• INPUT DATA:
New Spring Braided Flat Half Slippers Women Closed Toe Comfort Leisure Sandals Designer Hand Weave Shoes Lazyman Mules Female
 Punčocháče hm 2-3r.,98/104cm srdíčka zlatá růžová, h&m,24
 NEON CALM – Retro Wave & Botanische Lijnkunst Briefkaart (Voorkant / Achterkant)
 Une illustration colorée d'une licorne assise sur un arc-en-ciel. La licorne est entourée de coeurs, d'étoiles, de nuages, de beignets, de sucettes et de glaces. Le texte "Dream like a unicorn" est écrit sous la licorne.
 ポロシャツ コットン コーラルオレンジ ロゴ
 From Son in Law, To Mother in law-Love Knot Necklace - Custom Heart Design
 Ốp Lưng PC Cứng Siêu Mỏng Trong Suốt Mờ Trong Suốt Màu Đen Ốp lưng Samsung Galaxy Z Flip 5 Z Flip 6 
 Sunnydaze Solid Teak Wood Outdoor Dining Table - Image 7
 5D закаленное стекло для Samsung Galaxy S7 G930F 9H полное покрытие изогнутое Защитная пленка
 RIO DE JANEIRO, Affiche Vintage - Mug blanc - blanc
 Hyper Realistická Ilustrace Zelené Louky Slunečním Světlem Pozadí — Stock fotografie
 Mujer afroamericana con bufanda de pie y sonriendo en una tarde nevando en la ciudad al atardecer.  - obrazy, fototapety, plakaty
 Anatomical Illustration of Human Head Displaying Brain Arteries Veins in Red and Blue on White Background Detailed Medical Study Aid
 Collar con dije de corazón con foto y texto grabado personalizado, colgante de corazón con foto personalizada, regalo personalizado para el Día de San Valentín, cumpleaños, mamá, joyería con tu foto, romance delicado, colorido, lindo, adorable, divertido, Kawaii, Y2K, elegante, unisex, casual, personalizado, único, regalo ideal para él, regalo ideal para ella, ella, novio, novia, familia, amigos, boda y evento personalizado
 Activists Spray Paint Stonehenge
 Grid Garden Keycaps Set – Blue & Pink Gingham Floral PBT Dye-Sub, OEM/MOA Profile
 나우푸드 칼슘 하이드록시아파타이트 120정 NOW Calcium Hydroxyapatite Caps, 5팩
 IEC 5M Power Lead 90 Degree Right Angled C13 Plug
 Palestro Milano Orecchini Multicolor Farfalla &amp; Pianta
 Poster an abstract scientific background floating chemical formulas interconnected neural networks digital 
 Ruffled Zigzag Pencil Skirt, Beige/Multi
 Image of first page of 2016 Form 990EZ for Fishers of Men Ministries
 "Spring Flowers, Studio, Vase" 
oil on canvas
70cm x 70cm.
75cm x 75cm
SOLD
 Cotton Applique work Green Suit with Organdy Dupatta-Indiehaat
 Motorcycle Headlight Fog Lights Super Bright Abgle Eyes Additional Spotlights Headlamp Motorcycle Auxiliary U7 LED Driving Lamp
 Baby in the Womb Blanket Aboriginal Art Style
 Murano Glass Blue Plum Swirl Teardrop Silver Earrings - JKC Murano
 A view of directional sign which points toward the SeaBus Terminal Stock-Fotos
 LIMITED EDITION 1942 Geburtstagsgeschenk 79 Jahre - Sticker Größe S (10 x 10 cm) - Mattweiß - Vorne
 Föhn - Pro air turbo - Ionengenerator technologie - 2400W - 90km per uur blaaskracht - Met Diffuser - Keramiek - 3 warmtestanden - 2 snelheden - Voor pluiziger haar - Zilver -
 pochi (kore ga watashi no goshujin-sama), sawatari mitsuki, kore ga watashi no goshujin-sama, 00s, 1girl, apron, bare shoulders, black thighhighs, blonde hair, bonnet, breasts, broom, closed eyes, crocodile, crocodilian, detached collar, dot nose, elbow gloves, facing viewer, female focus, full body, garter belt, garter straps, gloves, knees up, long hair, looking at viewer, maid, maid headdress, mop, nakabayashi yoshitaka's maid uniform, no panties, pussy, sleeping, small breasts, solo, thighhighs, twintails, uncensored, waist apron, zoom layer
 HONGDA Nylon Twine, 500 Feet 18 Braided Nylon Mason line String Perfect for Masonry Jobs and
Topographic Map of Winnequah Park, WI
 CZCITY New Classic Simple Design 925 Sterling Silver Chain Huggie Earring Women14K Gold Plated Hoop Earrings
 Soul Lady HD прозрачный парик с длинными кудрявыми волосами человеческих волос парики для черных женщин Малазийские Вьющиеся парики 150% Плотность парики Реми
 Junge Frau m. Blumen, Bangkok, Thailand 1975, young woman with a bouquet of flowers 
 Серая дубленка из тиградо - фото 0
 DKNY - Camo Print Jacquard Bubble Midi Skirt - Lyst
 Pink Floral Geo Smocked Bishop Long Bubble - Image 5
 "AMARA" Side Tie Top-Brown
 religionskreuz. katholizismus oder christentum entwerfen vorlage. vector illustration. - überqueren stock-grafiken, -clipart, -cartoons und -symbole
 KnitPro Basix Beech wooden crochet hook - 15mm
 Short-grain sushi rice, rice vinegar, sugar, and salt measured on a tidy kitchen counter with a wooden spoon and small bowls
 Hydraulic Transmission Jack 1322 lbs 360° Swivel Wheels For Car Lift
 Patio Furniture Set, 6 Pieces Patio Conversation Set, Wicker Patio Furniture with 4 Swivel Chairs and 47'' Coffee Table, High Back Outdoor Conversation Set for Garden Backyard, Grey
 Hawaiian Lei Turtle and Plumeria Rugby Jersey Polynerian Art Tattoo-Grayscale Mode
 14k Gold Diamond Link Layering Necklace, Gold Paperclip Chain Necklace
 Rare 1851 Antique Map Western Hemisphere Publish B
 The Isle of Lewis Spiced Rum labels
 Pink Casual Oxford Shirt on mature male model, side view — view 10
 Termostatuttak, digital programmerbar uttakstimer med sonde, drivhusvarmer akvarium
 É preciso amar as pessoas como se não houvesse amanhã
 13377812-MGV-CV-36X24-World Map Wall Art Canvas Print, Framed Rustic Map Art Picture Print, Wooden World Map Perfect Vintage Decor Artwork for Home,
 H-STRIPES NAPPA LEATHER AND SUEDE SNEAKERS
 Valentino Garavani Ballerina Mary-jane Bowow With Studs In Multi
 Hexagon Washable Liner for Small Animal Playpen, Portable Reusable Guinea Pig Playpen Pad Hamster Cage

• WHAT TO PRODUCE: Transcribe the records above exactly, beginning at the line that contains "Topographic Map of Winnequah Park, WI" and ending with the line that contains "KnitPro Basix Beech", both included, and nothing else.

• THE ANSWER:
Topographic Map of Winnequah Park, WI
 CZCITY New Classic Simple Design 925 Sterling Silver Chain Huggie Earring Women14K Gold Plated Hoop Earrings
 Soul Lady HD прозрачный парик с длинными кудрявыми волосами человеческих волос парики для черных женщин Малазийские Вьющиеся парики 150% Плотность парики Реми
 Junge Frau m. Blumen, Bangkok, Thailand 1975, young woman with a bouquet of flowers 
 Серая дубленка из тиградо - фото 0
 DKNY - Camo Print Jacquard Bubble Midi Skirt - Lyst
 Pink Floral Geo Smocked Bishop Long Bubble - Image 5
 "AMARA" Side Tie Top-Brown
 religionskreuz. katholizismus oder christentum entwerfen vorlage. vector illustration. - überqueren stock-grafiken, -clipart, -cartoons und -symbole
 KnitPro Basix Beech wooden crochet hook - 15mm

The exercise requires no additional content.